Auto Enrollment Plan

DEFINITION of 'Auto Enrollment Plan'

An employer’s decision to sign employees up to have a percentage of their paychecks automatically placed into a retirement savings and investment account. Auto enrollment plans don’t require the employee to take action or to explicitly consent to participate in an employer-sponsored retirement plan, like a 401(k). The employer decides what percentage of the employee’s paycheck will automatically be placed in a retirement account, perhaps 3%, and also decides whether to increase that percentage each year, perhaps by 1% per year until the employee is contributing 10%.

BREAKING DOWN 'Auto Enrollment Plan'

Automatic enrollment plans are intended to increase the number of workers who save for retirement. Pensions are no longer common, and it is usually up to employees to save for retirement. While many employers have established retirement savings plans, these plans usually require the employee to opt in and to choose what percentage of their paychecks to have their employer place in retirement savings. Many employees don’t take this step; as a result, they miss out on employer matching contributions when they’re offered, and they don’t set aside enough for retirement. A 2015 report from the investment management firm Vanguard found that, among the employer-sponsored retirement plans it managed, automatic enrollment significantly increased retirement plan participation by low-income employees, young employees and minority employees, as well as significantly increasing retirement plan participation by all employees.

Employers might decide to adopt auto enrollment to increase their employees’ retirement plan participation. When they do, they also need to choose a default investment for employees’ retirement plan contributions. Employers can limit their fiduciary liability by choosing lifecycle funds or balanced funds that are designed to help employees earn enough of an investment return to retire while taking the appropriate amount of risk for their age.

Even with auto enrollment, employees can choose how their money is invested, within the options the plan makes available. They don’t have to remain invested in the default option and they can direct future contributions to another option as well.
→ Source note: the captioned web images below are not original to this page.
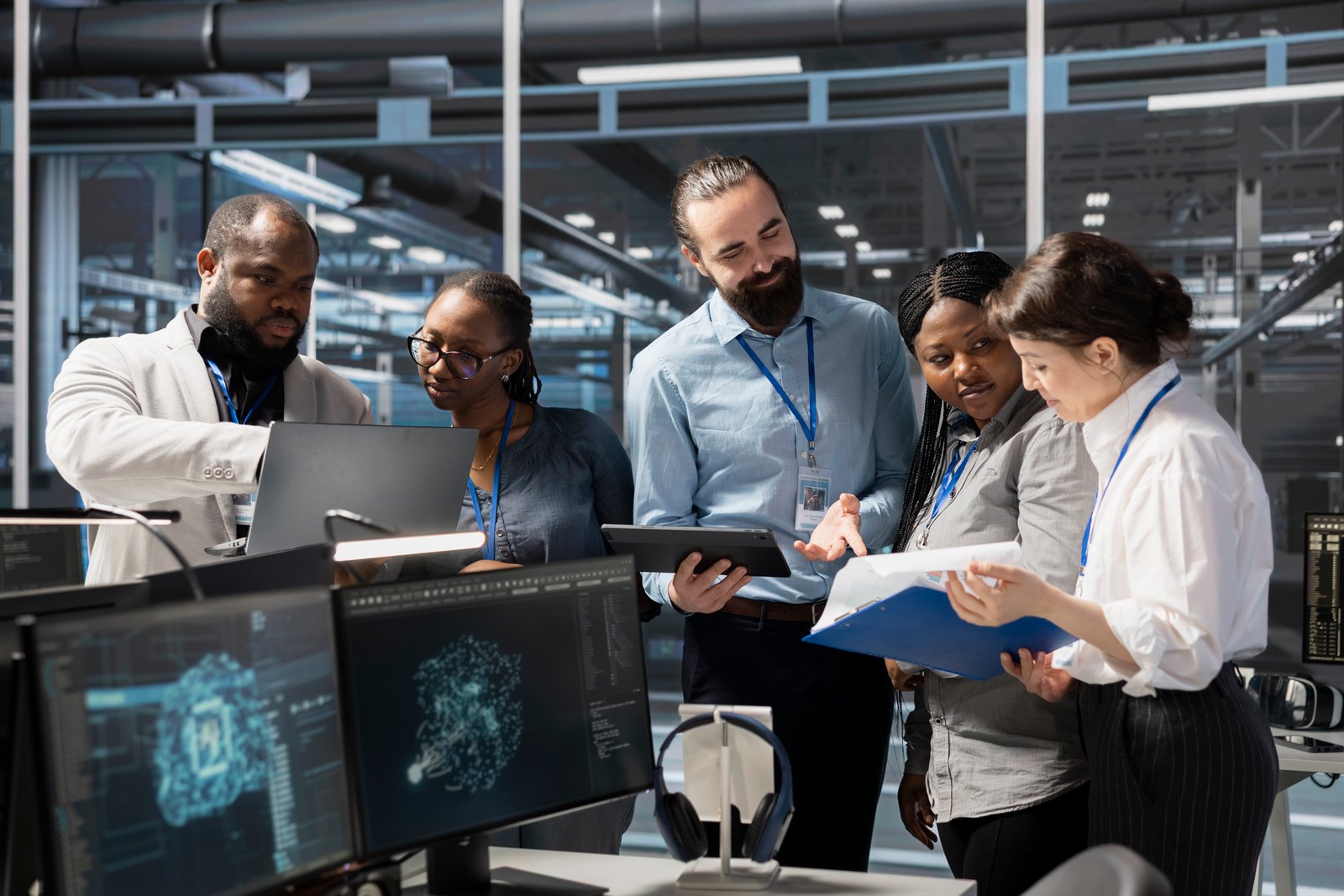 BPMe Technologies execution team collaborating in a technology operations center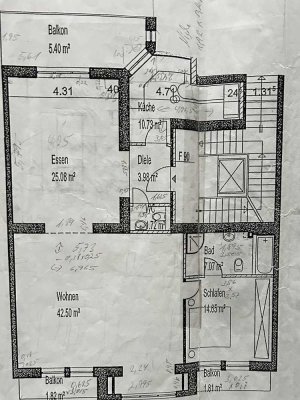 Altbau, Stuck, Eichenparkett, 3 Balkone
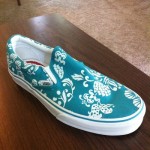 Vtg. 2007 Vans Authentic SF Duke Kahanamoku Lake Blue /True White Slip On Mint!!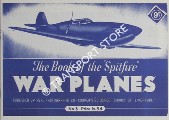 Book cover of The Book of the 'Spitfire' War Planes by Real Photographs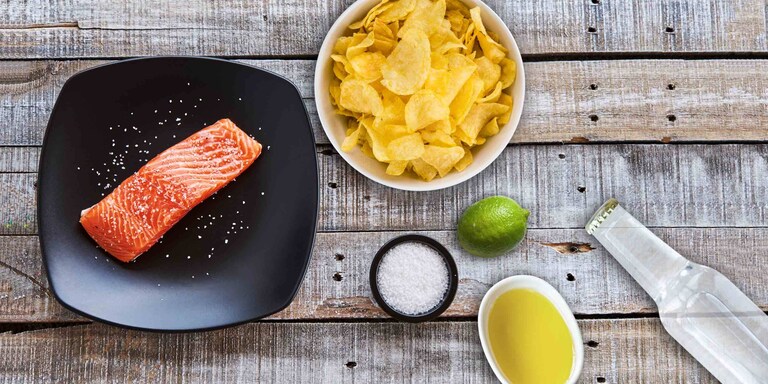 Carpaccio de saumon et gin
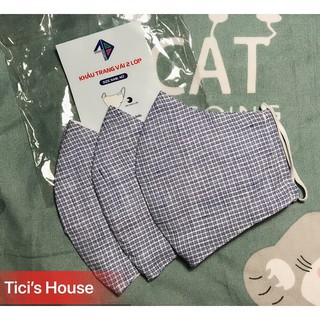 Khẩu trang vải 2 lớp Tây Đô chống bụi, tia UV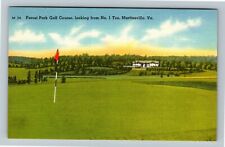 Martinsville VA-Virginia Forest Park Golf Course  Vintage Souvenir Postcard picture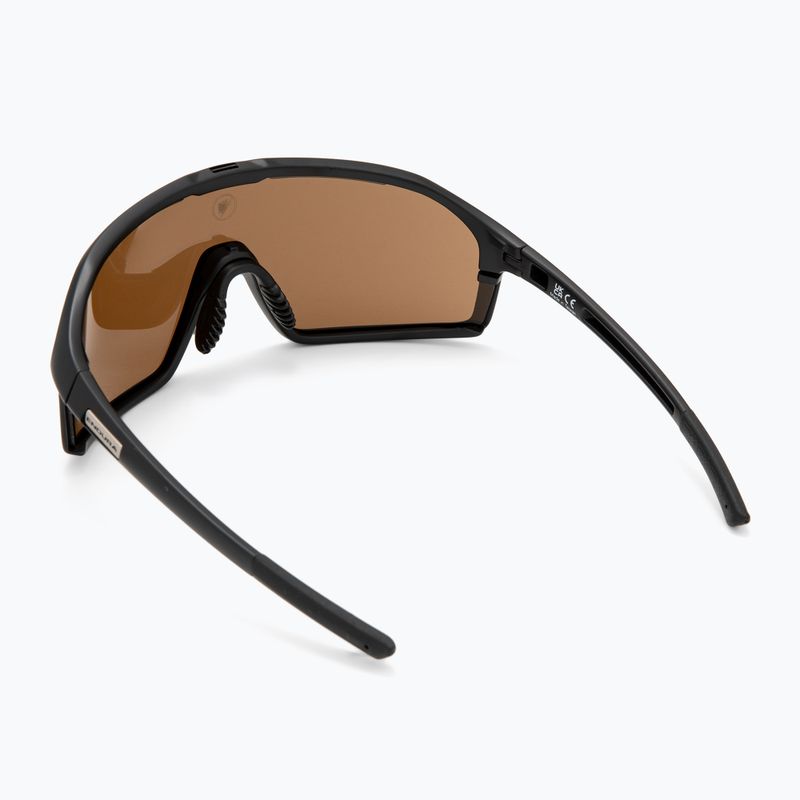Okulary przeciwsłoneczne Endura Dorado II 3+1+1 matt black/smoke tint /full gold mirror 3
They can also choose to change their default contribution amount — the percentage that is withheld from each paycheck — or opt out of contributing altogether.

Besides helping their employees, another incentive for employers to choose auto enrollment is that it increases the likelihood that, in the event the IRS audits the company’s retirement program, the IRS will find the plan in compliance with the nondiscrimination rules employers have to follow when they offer retirement plans.